Académie Internationale de Philosophie des Sciences | |
Abbreviation: | AIPS |
Type: | INGO |
Leader Title: | President |
Leader Name: | Jure Zovko[1] |
The International Academy for Philosophy of Science, better known as the French: Académie Internationale de Philosophie des Sciences (AIPS) is an international organization located in Brussels, which promotes fundamental issues of philosophy of science in an open interdisciplinary dialogue. Its members are philosophers of science or leading experts in sciences interested in philosophical questions.
The AIPS was created in 1947 by Stanislas Dockx. Among its first members were Paul Bernays, E W Beth, Józef Maria Bocheński, Niels Bohr, Émile Borel, L. E. J. Brouwer, Louis de Broglie, Albert Einstein, Ferdinand Gonseth, E A Milne, and Hermann Weyl.

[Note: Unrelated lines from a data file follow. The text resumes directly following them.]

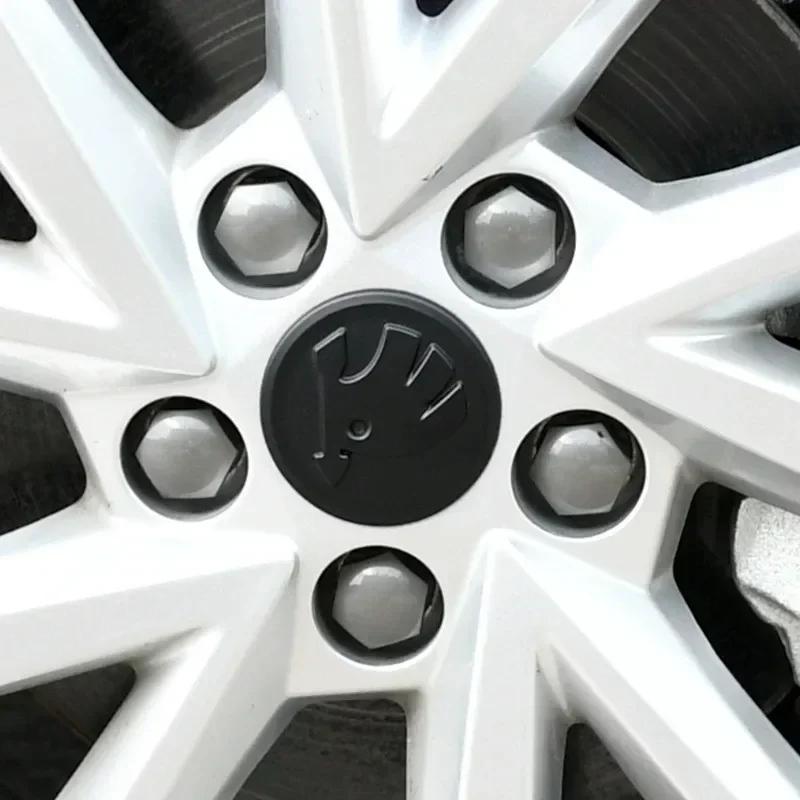 DYZ5 55MM ABS Колпачки Центральных Ступиц Колесных Дисков Автомобиля Эмблема для Skoda Fabia Rapid Octavia Laura Superb 2 3 VRS Yeti Karoq Kodiaq Аксессуары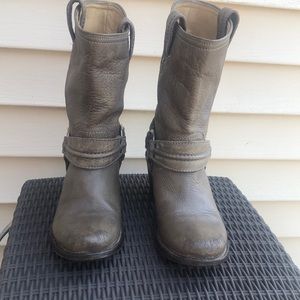 FRYE leather boots, Taupe, Size 7.5B, 3” heel.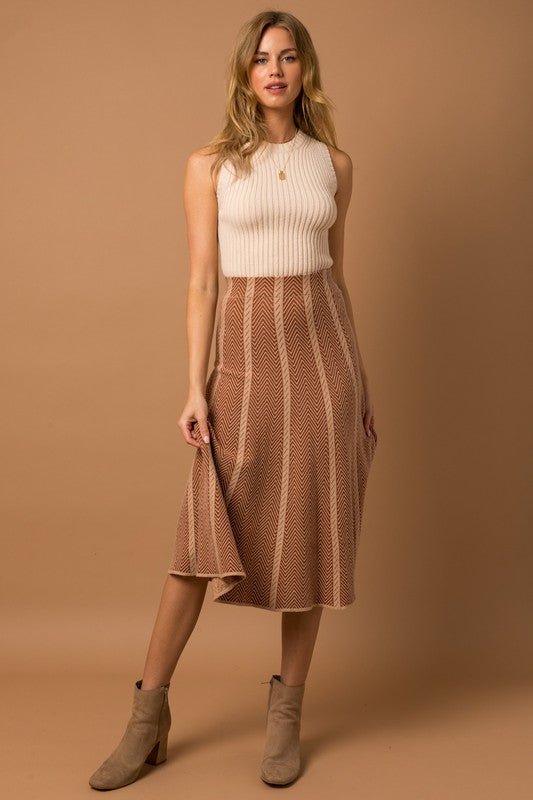 Herringbone Stripe Sweater Skirt - Happily Ever Atchison Shop Co.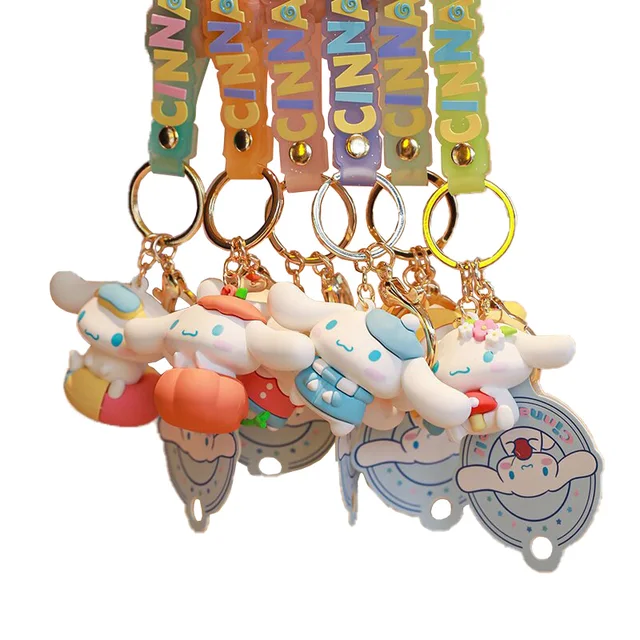 Kawaii Sanrios Anime Cinnamoroll Kuromi Mymelody Cute Cartoon Pvc Keychain Kids Bag Pendant Car Key Chain Accessories Toys Gift 1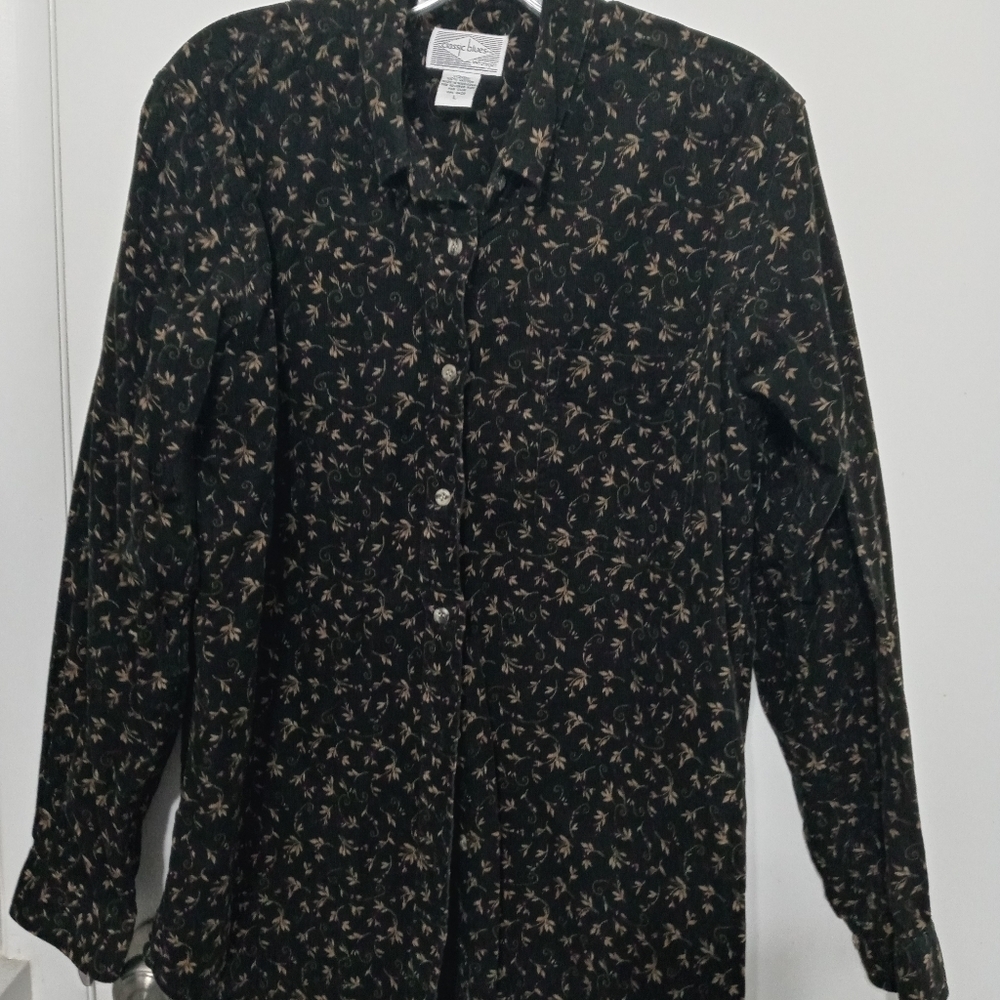 Wrangler Classic Blues Floral Long Sleeve Button Down Corduroy Blouse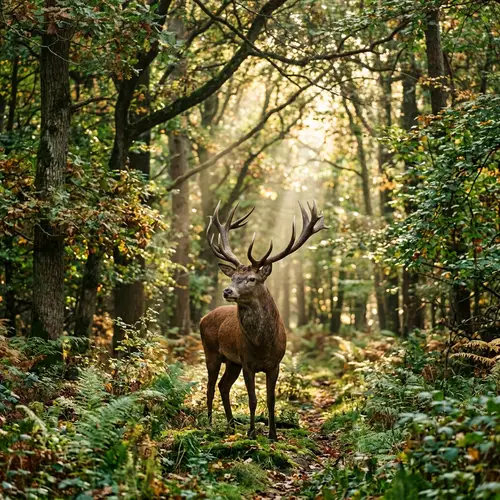 Lush Forest Imagery: Majestic Deer in Natural Setting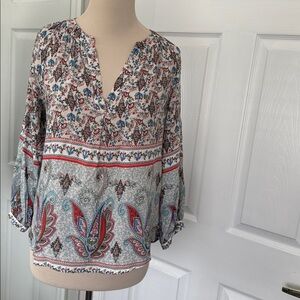 Fun 2 Fun Zaila Split Neck Top Paisley Floral Print 3/4 sleeve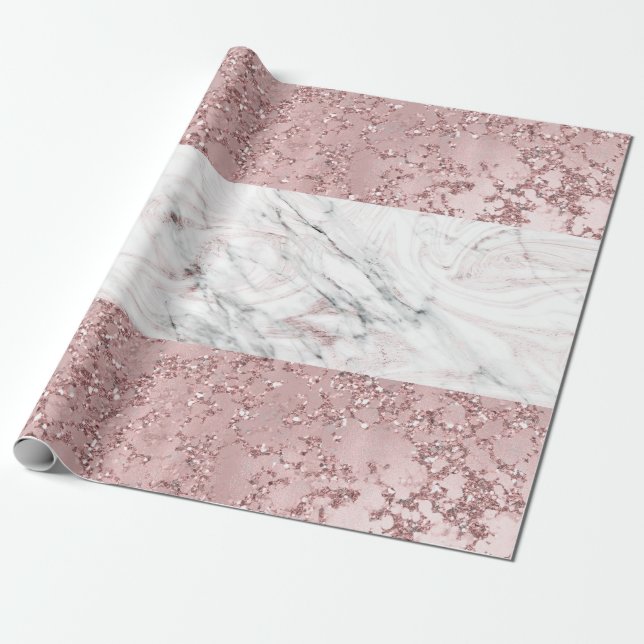 Rose Gold Modern Glam Marble & Glitter Decorative Wrapping Paper (Unrolled)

In 1991, the academy was made an International Member of the International Union of History and Philosophy of Science, Division of Logic, Methodology and Philosophy of Science (IUHPS/DLMPS).[2]
The AIPS consists of full members (membres titulaires), corresponding members (membres correspondants), and emeritus members (membres émérites) who are elected at the general annual meeting on presentation of the Academic Council (Conseil Académique). The Council consists of a President, two vice-presidents, two Assessors and a Secretary General. The current President is Jure Zovko (Zadar); the list of former presidents includes Evandro Agazzi (Genoa) and Gerhard Heinzmann (Nancy). Other members of the current Council are Michel Ghins, Reinhard Kahle, Gino Tarozzi, and Marco Buzzoni.[3] Since 1949, the AIPS organises a series of annual conferences, usually in Europe with notable exceptions (New York 1977 and Lima 1989).[4]
The AIPS publishes an open access book series called Comptes Rendus de l'Académie Internationale de Philosophie des Sciences (C.R.AIPS) supported by the Institute for Logic, Language and Computation of the Universiteit van Amsterdam. The editor of the book series is Benedikt Löwe.[5]